Denizli’de OVP tartışıldı: Bu program sermayenin programı, halkı yoksullaştırma programı
Tüm Bel-Sen Denizli Şubesinin sendika binasında düzenlediği panelde emekçiler, Orta Vadeli Programı tartışarak mücadele çağrısı yaptı.
Denizli’de, Çalışma Ekonomisti Dr. Arif Koşar’ın katılımıyla Orta Vadeli Program (OVP) üzerine panel gerçekleştirildi.
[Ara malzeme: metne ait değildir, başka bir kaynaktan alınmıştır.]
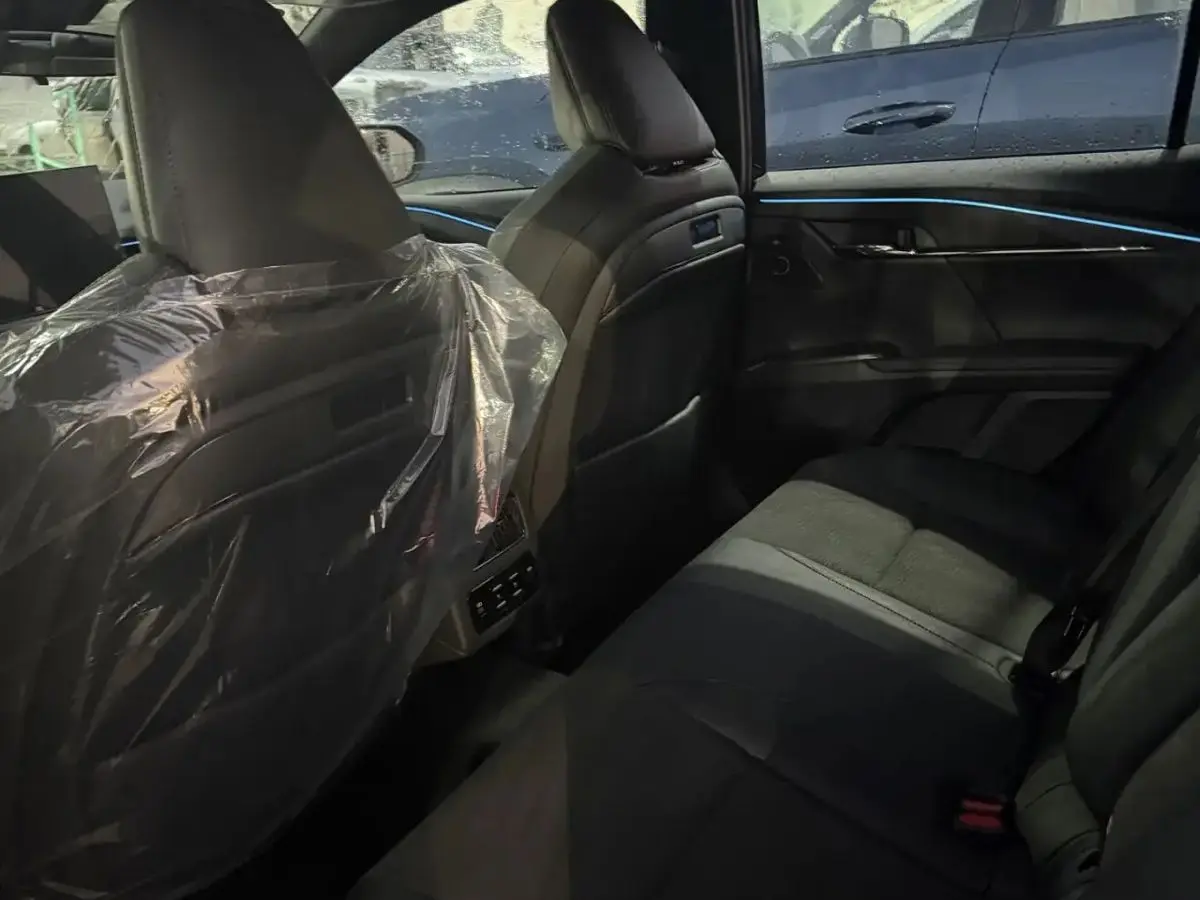 Toyota Camry, 2026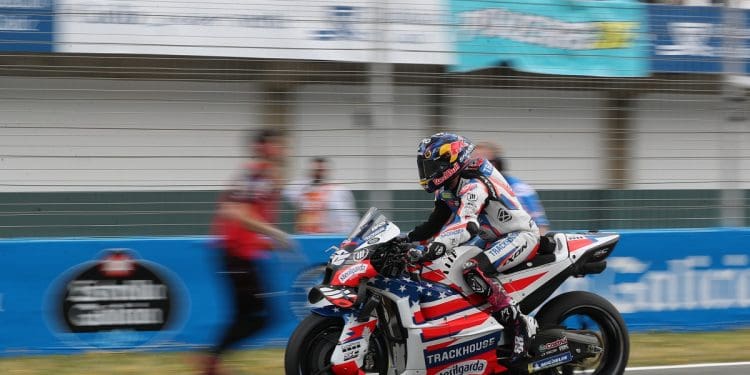 Miguel Oliveira contra regras de pressão dos pneus com pista húmida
Tüm Bel-Sen Denizli Şubesinin sendika binasında düzenlediği panelde OVP’nin içeriği ve emekçiler üzerindeki etkileri tartışıldı. Açılış konuşmasını Tüm Bel-Sen Denizli Şube Başkanı Serkan Deniz Özkan’ın yaptığı panele, Türk-İş’e bağlı Ağaç-İş ve TEKSİF, KESK’e bağlı SES, Tüm Emeklilerin Sendikası, Veli-Der, Pınarkent Anadolu Aleviliği Dayanışma ve Kültür Derneği, EMEP temsilcileri, öğrenciler, emekliler ve çeşitli işkollarından işçiler katıldı.
Son 5 yılda patronların kârının 8 kat, çalışanların ücretlerinin ise 2,5 kat arttığı bilgisini veren Koşar, “Yani enflasyonun altında kaldı. Patronların nüfusu nüfusun yüzde ikisi, çalışanlar yüzde 70’i kadar. Çalışanlar 2019 yılında GSMH’den toplam zenginliğin yüzde 31’ini alıyordu, 2022’de yüzde 23’e düştü. Nüfusun yüzde 2’sini oluşturan patronlar paydan yüzde 42’sini alırken yüzde 48’e çıktı” dedi.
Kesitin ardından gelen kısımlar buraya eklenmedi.